Mangueirenses de carteirinha, Alcione, Terezinha Sodré e Rosemary, com o parceiro Gargalhada, marcaram presença.
A penúltima alegoria fazia alusão ao carnaval, trazendo o passista Serginho do Pandeiro, e Delegado e Nininha Chochoba, mestre-sala e porta-bandeira da escola entre 1943 e 1953. Ele exerceu a função por 36 anos, ela por 14. Mas Nininha também é lembrada como uma grande pastora da escola.
Encerrando o desfile, a realidade do negro, à procurada da real liberdade, “livre do açoite da senzala, preso na miséria da favela”.
A escola “quicou” na avenida, num verdadeiro espetáculo de evolução, e arrastou centenas de foliões ao final de seu desfile.
O tri não veio, porque houve uma “Kizomba” de Vila Isabel pela frente, que um dia pretendo abordar por aqui.
Mas o questionamento mangueirense repercutiu, e ainda hoje repercute, 33 anos depois. Diante dos eventos narrados no início deste texto, sou obrigado a concluir que a resposta à pergunta título do enredo, indubitavelmente, é: ilusão!
Aliás, vale sempre lembrar das manifestações de Sérgio Nascimento de Camargo, jornalista que, desde 2019, preside a Fundação Cultural Palmares, que deveria se prestar à promoção da cultura afro-brasileira.
Em 30 de abril de 2020, ele referiu-se à mãe-de-santo Adna dos Santos, como “uma filha da puta de uma macumbeira” (sic).
Para Camargo, a escravidão é que é uma grande ilusão, o movimento negro é uma “escória maldita”, e o racismo inexiste no Brasil. Em suas palavras, “a negrada daqui reclama porque é imbecil e desinformada pela esquerda”
Insatisfeito, Sérgio afirmou, ainda, que "o Dia da Consciência Negra é uma vergonha e precisa ser combatido incansavelmente até que perca a pouca relevância que tem e desapareça do calendário", e que “a escravidão foi benéfica para os descendentes”.
Sérgio Camargo sente-se à vontade para manifestar sua opinião, porque sabe não estar sozinho. O que é, por si só, assustador, ganha contornos de surrealismo ao nos darmos conta de que Sérgio é... negro!
133 anos depois, o Brasil é um país onde se pode afirmar, com naturalidade, não ser racista, porque “até já apertei a mão de um negro”, “já até tirei foto com um negro” ou “até tenho um amigo negro”. Não vai passar vergonha não. Vai parecer descolado.
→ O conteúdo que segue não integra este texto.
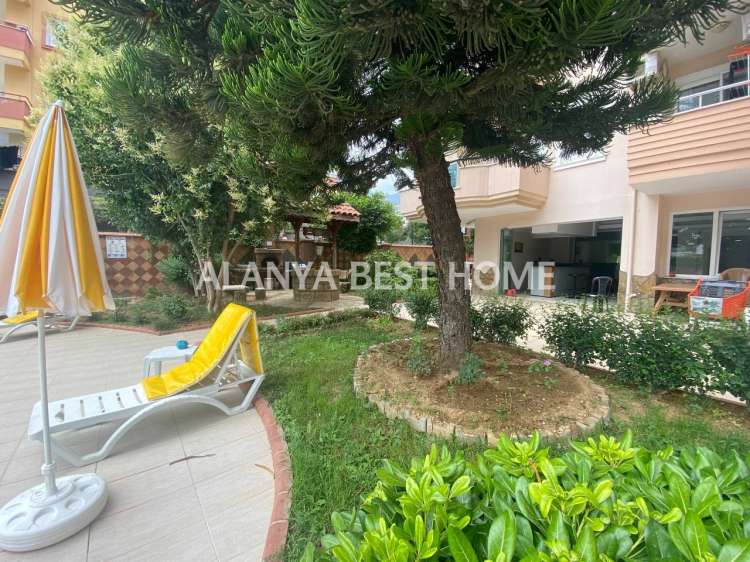 CİKCİLLİ'DE AKTİVİTELİ SİTE İÇERİSİNDE DENİZ VE KALE MANZARALI 4+1 EŞYALI DUBLEKS DAİRE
Depois de dizer que quilombolas se pesavam em arrobas e não serviriam nem para procriar, JB, o racista, adotou Hélio Fernando Barbosa Lopes, o Hélio “Negão”, como seu papagaio de pirata portátil. Não há uma aparição pública do “desprezidente” em que o pseudodeputado não esteja um passo atrás, para garantir o selo “não-racista” ao seu amo racista.
Quantas gerações precisaremos para que possamos finalmente abrigar os negros em nossa sociedade? Para que as portas que se abrem aos brancos não se fechem aos negros, como tantas ainda de fecham?
O que é preciso para que reconheçamos os privilégios que gozamos, sem compartilhar com os descendentes daqueles que foram chicoteados por nossos ancestrais, para ajudar a construir as riquezas de nosso Brasil?
Quanto tempo será preciso para que libertemos nossos irmãos da miséria da favela, e para que o preconceito racial deixe de ser uma ferida social e passe a ser apenas um triste capítulo nos livros de história?
Infelizmente, talvez cheguemos ao bicentenário da abolição da escravatura sem grandes transformações estruturais.
Até lá, sonharei, como a Mangueira de 88, com a volta de Zumbi dos Palmares, com o fim da tristeza do negro, com uma nova redenção.
Que assim seja!
*Estevan Mazzuia, o Tuta do Uirapuru, é biólogo formado pela USP, bacharel em Direito, servidor público e compositor de sambas-enredo, um apaixonado pelo carnaval.
**Este artigo não reflete, necessariamente, a opinião da Revista Fórum.